> **EXERCISE GOAL**
Using the listing, copy each whole line that features "Road".

> **DATA UNDER STUDY**
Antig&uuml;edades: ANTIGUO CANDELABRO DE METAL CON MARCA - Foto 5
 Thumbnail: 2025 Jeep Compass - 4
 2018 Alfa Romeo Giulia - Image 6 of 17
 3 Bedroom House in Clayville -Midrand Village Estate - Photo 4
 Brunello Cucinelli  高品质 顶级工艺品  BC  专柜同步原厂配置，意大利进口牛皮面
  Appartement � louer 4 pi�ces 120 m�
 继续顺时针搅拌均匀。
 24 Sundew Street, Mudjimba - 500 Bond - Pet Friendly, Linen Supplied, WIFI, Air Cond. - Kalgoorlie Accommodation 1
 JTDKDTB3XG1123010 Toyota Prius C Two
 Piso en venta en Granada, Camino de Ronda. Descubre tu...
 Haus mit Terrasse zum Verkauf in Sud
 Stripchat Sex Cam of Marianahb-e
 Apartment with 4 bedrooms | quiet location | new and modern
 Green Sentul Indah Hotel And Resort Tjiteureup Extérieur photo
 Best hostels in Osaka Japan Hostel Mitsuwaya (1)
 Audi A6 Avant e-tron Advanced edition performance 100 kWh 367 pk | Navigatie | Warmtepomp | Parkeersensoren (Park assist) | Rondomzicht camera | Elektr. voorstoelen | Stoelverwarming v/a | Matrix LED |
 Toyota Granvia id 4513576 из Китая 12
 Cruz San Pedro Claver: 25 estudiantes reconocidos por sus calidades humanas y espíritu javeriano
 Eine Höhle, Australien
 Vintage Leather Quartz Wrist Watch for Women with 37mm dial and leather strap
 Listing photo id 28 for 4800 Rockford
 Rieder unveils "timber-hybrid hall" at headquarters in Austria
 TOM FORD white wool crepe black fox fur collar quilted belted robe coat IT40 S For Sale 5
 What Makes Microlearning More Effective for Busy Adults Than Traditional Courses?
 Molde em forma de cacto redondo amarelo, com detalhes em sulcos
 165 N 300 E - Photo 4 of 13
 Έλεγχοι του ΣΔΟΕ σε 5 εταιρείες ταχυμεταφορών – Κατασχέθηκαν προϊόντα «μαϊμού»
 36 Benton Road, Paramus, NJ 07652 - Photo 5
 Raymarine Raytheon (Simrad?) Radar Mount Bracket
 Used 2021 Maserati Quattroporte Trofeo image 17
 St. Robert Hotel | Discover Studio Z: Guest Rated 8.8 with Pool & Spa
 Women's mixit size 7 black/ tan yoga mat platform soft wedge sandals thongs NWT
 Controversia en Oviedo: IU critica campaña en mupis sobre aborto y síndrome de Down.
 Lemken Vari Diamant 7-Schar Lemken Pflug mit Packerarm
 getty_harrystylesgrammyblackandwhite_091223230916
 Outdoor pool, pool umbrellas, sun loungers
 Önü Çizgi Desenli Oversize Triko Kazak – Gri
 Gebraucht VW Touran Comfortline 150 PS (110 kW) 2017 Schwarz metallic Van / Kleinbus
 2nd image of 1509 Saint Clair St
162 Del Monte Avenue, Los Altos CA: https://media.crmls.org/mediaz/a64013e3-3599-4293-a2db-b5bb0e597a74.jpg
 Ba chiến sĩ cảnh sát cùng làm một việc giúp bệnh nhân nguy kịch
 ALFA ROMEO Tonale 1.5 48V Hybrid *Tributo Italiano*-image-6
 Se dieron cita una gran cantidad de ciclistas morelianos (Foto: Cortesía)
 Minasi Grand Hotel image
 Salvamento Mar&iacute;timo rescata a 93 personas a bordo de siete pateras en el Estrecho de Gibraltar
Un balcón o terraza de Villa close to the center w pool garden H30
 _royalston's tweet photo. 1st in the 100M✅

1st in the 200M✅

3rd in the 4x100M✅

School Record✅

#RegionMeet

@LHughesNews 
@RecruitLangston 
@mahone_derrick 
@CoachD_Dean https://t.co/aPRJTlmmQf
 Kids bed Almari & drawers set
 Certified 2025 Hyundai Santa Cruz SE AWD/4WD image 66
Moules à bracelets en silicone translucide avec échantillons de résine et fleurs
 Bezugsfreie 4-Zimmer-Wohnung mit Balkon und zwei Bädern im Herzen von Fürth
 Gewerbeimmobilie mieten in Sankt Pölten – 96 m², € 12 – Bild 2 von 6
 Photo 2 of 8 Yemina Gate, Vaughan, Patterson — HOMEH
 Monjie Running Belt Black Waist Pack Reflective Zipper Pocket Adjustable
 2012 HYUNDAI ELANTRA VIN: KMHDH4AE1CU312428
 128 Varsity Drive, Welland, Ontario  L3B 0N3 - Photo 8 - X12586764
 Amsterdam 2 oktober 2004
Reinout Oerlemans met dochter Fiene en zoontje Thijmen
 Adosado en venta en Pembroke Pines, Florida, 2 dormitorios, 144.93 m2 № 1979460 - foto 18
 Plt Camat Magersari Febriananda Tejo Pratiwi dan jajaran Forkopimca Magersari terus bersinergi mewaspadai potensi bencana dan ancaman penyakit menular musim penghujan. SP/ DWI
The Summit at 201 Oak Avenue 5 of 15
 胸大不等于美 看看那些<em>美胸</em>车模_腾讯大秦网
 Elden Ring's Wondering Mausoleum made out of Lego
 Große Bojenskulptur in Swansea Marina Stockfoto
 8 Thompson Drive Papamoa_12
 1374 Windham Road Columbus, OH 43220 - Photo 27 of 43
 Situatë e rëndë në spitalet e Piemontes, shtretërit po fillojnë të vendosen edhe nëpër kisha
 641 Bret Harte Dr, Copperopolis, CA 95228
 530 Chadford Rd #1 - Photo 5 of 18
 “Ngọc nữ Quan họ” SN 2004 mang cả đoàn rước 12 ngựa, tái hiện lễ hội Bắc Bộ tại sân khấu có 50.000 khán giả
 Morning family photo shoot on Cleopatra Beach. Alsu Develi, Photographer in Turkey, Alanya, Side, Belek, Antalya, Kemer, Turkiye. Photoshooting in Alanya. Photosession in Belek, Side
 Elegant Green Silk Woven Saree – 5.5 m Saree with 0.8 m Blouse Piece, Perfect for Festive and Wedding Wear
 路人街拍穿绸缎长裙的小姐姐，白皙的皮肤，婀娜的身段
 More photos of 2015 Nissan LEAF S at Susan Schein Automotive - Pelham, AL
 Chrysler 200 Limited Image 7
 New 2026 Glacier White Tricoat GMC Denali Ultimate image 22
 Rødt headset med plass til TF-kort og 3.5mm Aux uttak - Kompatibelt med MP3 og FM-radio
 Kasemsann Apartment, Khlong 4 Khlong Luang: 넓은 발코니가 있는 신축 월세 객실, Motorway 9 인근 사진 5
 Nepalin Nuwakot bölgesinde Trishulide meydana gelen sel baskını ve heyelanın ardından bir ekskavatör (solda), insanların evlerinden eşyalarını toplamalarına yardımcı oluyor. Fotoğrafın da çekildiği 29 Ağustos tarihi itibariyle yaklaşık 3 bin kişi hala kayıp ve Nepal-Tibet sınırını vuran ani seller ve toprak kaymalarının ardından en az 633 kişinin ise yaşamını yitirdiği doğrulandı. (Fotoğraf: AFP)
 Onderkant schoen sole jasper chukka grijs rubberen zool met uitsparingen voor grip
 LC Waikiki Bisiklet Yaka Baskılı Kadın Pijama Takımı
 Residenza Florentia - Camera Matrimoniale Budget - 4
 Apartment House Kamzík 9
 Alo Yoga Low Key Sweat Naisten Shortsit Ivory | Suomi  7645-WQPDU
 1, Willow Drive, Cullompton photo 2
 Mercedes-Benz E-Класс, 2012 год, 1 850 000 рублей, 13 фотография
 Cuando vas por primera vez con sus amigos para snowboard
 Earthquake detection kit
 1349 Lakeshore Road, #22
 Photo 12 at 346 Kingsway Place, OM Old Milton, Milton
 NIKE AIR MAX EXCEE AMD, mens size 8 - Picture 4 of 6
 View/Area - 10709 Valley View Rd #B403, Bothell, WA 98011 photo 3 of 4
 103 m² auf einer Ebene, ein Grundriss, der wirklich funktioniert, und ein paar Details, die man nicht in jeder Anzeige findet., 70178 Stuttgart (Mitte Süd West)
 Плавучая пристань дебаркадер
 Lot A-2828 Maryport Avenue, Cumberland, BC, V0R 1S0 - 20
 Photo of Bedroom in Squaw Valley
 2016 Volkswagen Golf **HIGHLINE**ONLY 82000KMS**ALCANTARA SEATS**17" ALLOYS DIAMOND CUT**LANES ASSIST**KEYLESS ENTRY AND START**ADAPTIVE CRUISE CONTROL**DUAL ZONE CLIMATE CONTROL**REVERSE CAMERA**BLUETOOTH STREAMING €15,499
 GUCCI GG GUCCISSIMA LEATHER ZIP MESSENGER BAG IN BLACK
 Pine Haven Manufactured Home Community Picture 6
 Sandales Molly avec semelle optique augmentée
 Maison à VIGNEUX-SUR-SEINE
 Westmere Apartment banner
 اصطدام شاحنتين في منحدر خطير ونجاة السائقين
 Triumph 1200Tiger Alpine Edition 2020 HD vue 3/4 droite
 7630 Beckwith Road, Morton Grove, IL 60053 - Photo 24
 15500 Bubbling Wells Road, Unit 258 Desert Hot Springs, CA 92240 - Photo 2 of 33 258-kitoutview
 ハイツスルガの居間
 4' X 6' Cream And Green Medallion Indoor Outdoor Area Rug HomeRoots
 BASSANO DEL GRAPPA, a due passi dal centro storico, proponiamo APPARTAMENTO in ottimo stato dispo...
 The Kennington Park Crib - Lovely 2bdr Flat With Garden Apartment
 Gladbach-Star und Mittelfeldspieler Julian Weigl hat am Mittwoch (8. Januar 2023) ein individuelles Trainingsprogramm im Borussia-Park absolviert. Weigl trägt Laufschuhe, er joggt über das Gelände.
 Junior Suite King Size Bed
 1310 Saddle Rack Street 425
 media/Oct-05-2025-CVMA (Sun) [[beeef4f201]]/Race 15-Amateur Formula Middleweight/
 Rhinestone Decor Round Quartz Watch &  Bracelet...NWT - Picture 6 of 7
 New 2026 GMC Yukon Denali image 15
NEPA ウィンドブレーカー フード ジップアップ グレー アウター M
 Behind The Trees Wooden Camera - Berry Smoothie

> **RESPONSE TO THIS EXERCISE**
 36 Benton Road, Paramus, NJ 07652 - Photo 5
 1374 Windham Road Columbus, OH 43220 - Photo 27 of 43
 1349 Lakeshore Road, #22
 7630 Beckwith Road, Morton Grove, IL 60053 - Photo 24
 15500 Bubbling Wells Road, Unit 258 Desert Hot Springs, CA 92240 - Photo 2 of 33 258-kitoutview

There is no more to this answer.